In fact, when you talk about the issue with prominent analysts of American politics you tend to get the most contradictory views: “Trump’s approval ratings are terrible, but the media don’t like to say so because they were so wide off the mark in 2016 and don’t want to make the same mistake twice,” some commentators claim. In the same vein, some say that “Trump has lost the middle class, even bright-red Republican states such as Kentucky or Louisiana.”
Others have completely different opinions: “Trump can still speak to the heart of the average American voter who feels that someone really cares about him. Just look at the passion and the size of the crowds at his campaign rallies,” they say.
The truth is that those who want Trump gone are worried that this will not happen.
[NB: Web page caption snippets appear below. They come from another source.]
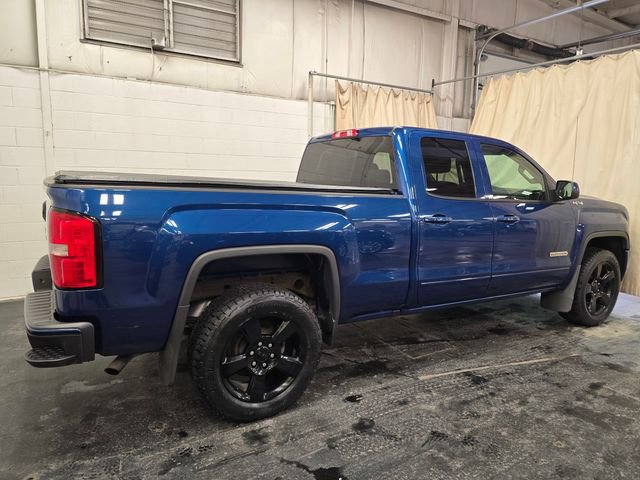 Used 2019 GMC Sierra 1500 Limited w/ Elevation Edition image 6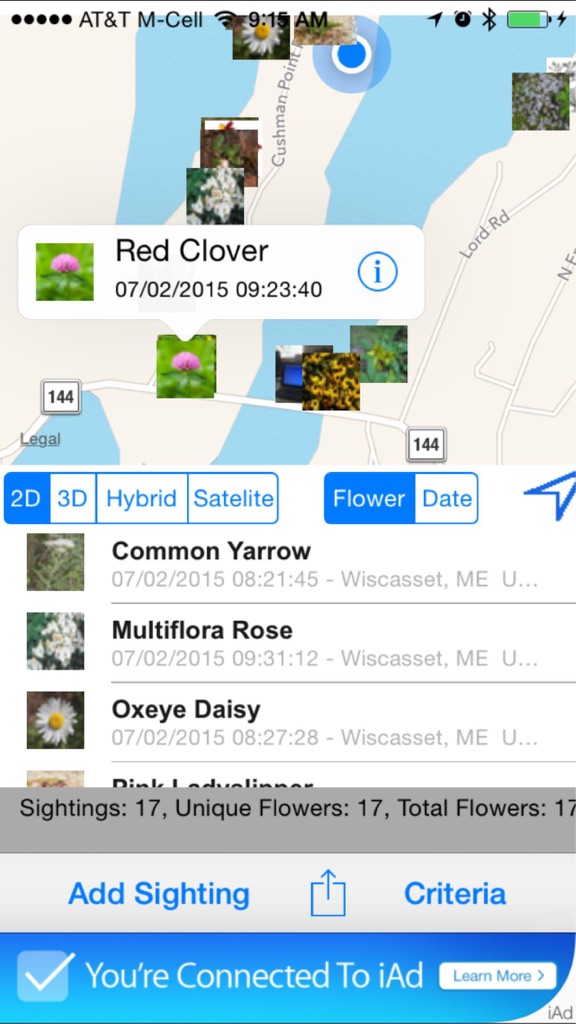 【图】Wildflower Journal(截图3)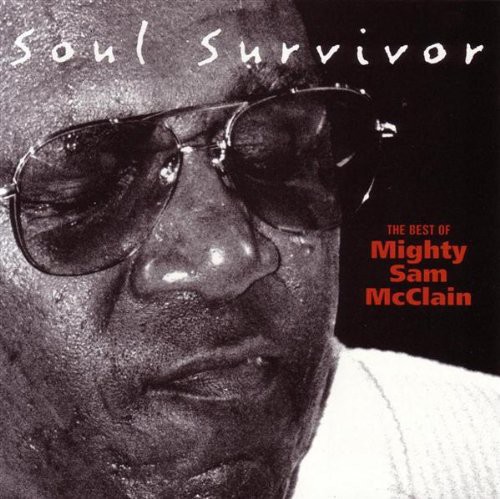 Soul Survivor: Best of Mighty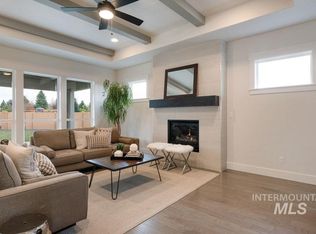 4492 N Panero Ave, Meridian, ID 83646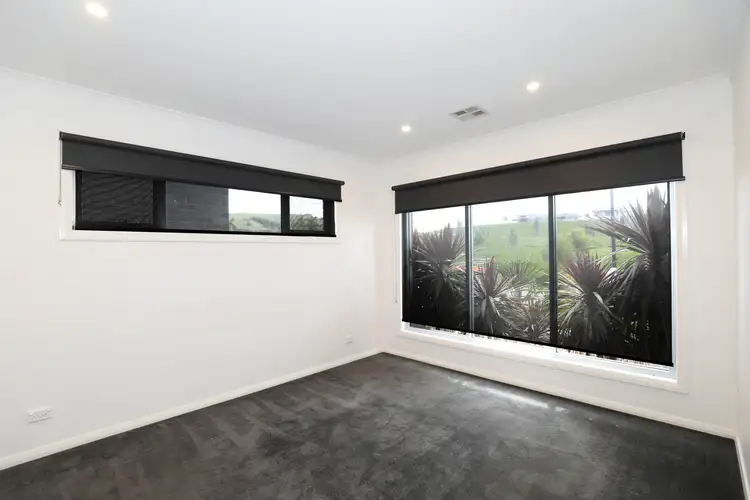 Sixth view of Homely house listing, 58 Greg Urwin Circuit, Casey ACT 2913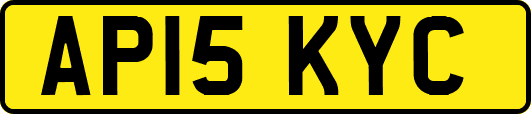 AP15KYC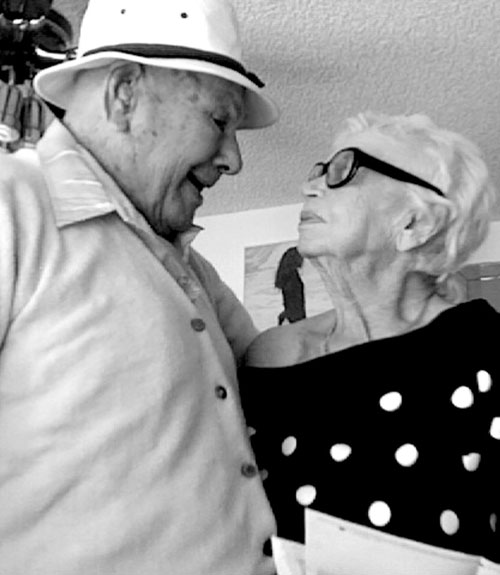 rbk long marriage secrets older xln Tajne dugovečnog braka: 73 godine u braku, a i dalje se vole
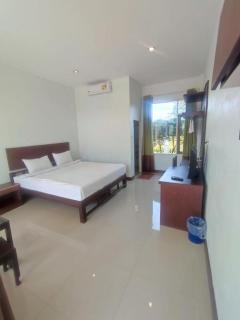 Cindia Resort - Phun Phin - 4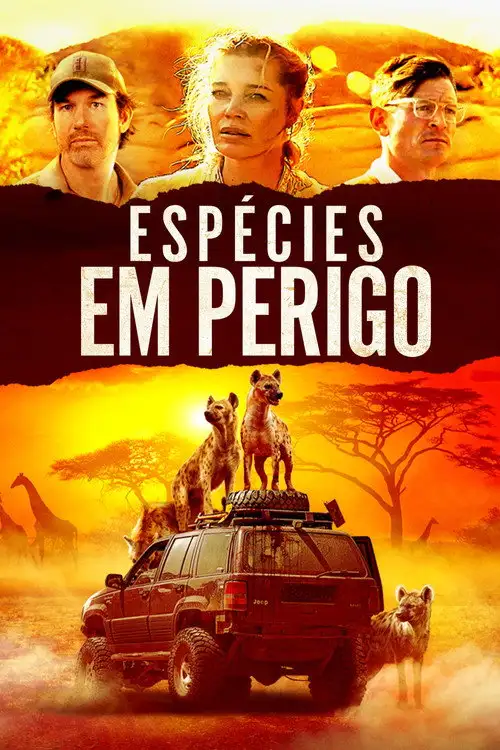 Assistir Espécies em Perigo Online Grátis em HD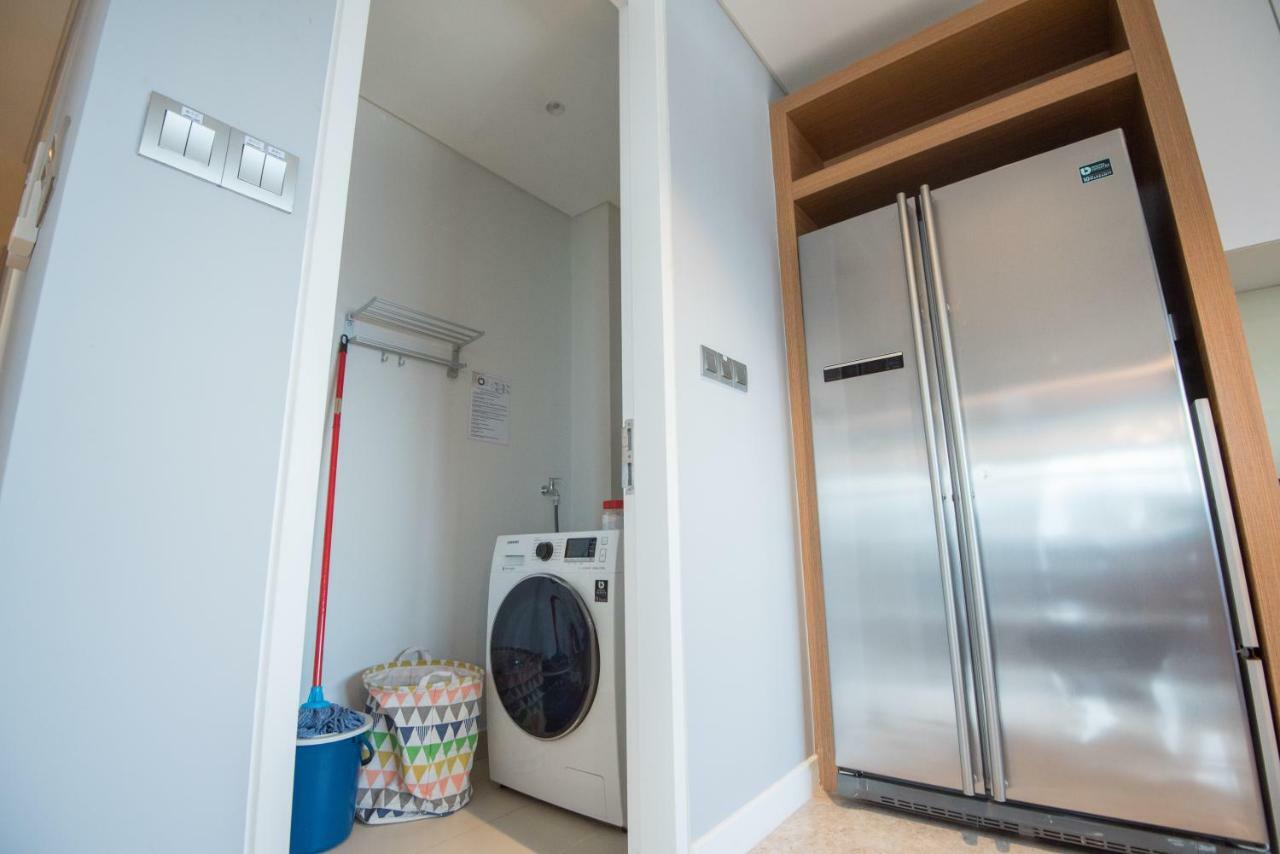 Anggun Residences Serviced Suites 吉隆坡 外观 照片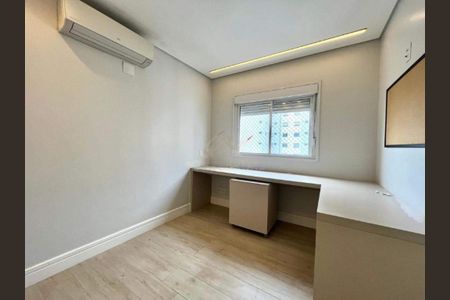 Apartamento à venda com 3 quartos, 185m² em Campo Belo, São Paulo
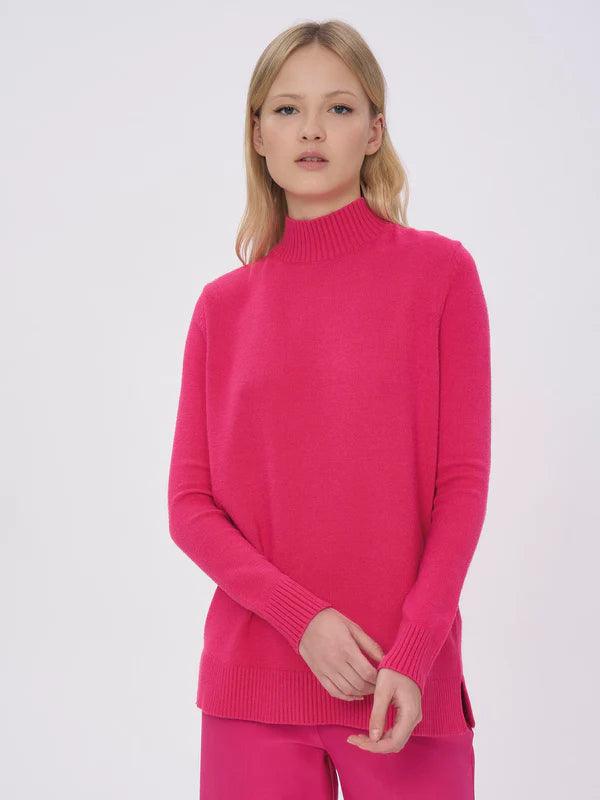 Ragno Lupetto in filato Super Soft DA93M0 S38 - Passarelli Biancheria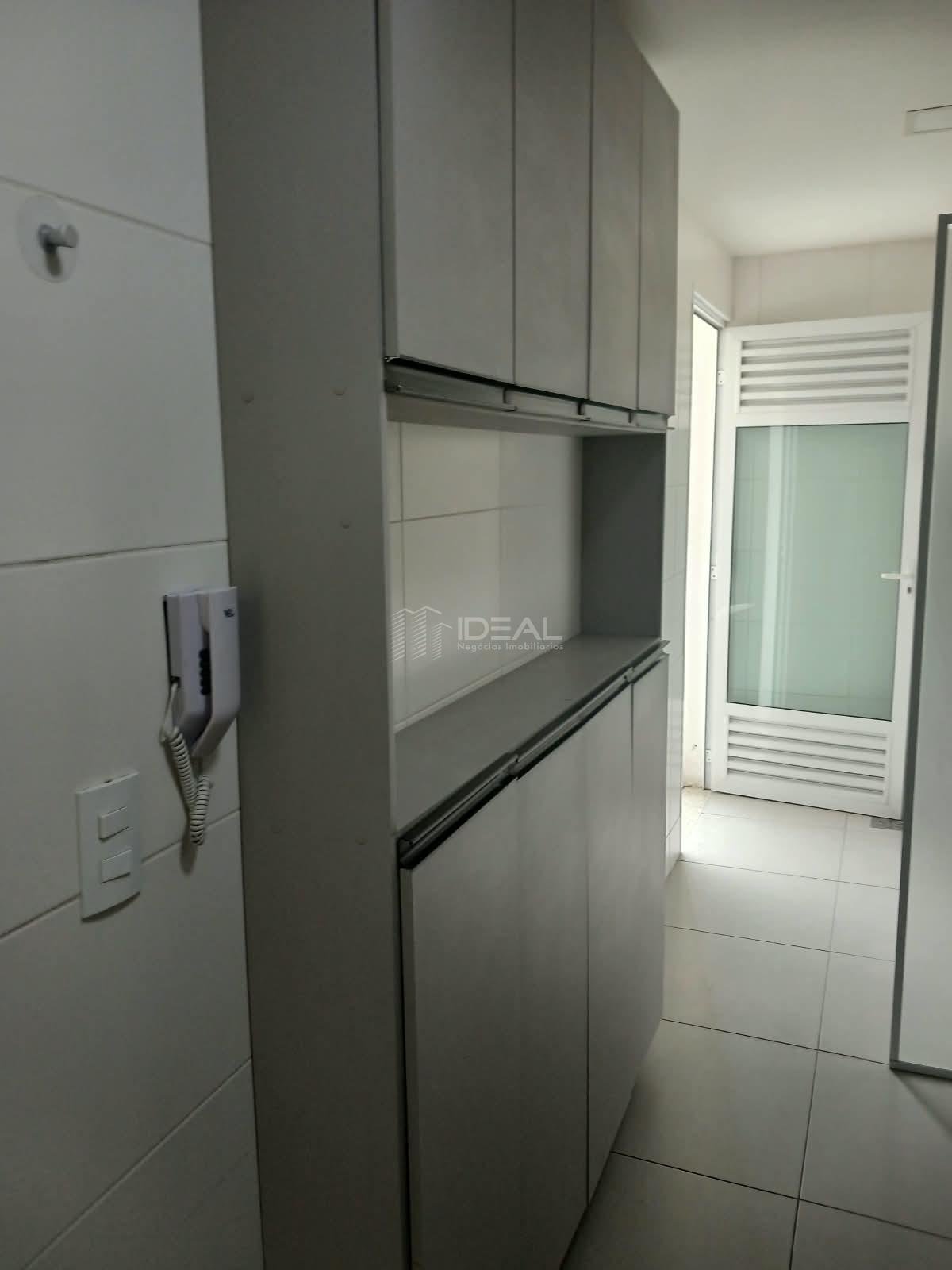 Apartamento para alugar com 3 quartos, 1 suíte, 1 vaga e 80m² no Parque Tamandaré, Campos dos Goytacazes (RJ) — foto 16 de 21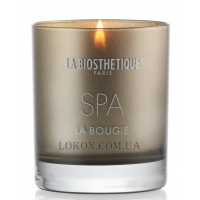 LA BIOSTHETIQUE SPA La Bougie Massage Candle - Массажная арома свеча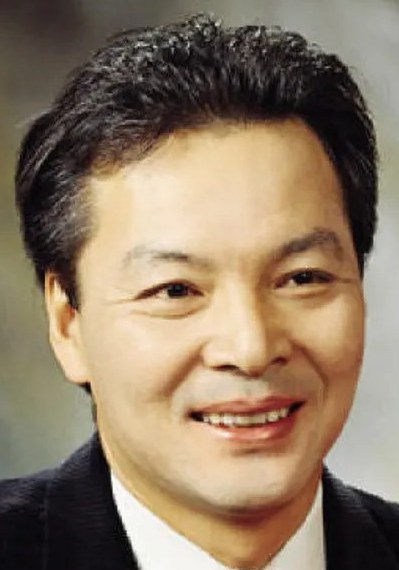 林正河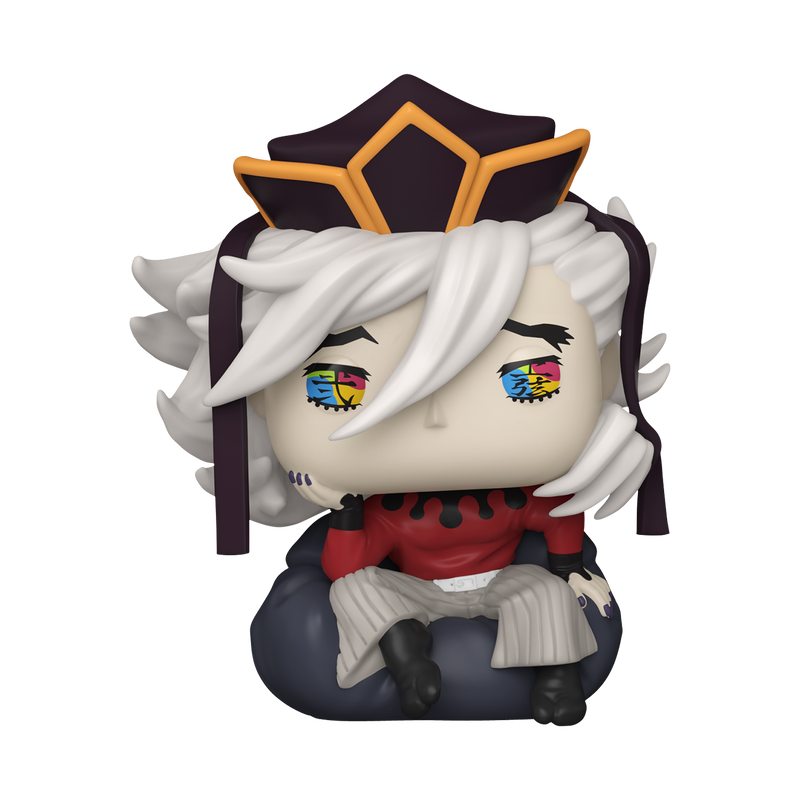 POP PLUS DEMON SLAYER - DOMA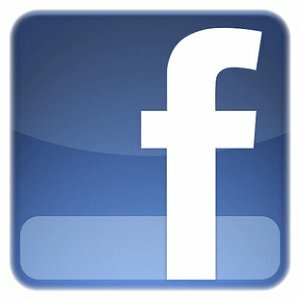 Tērzēšanas galviņas un uzlīmes - izpētiet jaunās iespējas vietnē Facebook Messenger [Iknedēļas Facebook padomi] facebook logo 300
Their conversations are reminiscent of discussions in Athens in 2017 and 2018 when many pundits insisted that SYRIZA would not lose an election. Some said back then: “Don’t buy everything you hear in Kolonaki or the capital’s northern suburbs. Take a ride to Peristeri or Kokkinia, to get a sense of what people really think.”
Pretty much the same is said around dinner tables in Washington, only the talk is about the bubble of New York, Boston and California, as opposed to the real world of Texas or Missouri. In a year from now, we will know which side was right.
However, regardless of the election outcome, the damage to America runs deep and wide. The country is extremely polarized. Trump has been ruthless in using division as a political instrument. No matter who wins next year’s vote, they will have to deal with this – and uniting American society again will be a very tough job.
The institutions have also suffered a bruising. From the Department of Justice to that of State, one senses the breakdown of traditional institutions and the decision-making apparatus. The exploitation of institutions and divisive policies for political expediency will inevitably leave a mark, even if Trump does not get re-elected. Just as it did in Greece.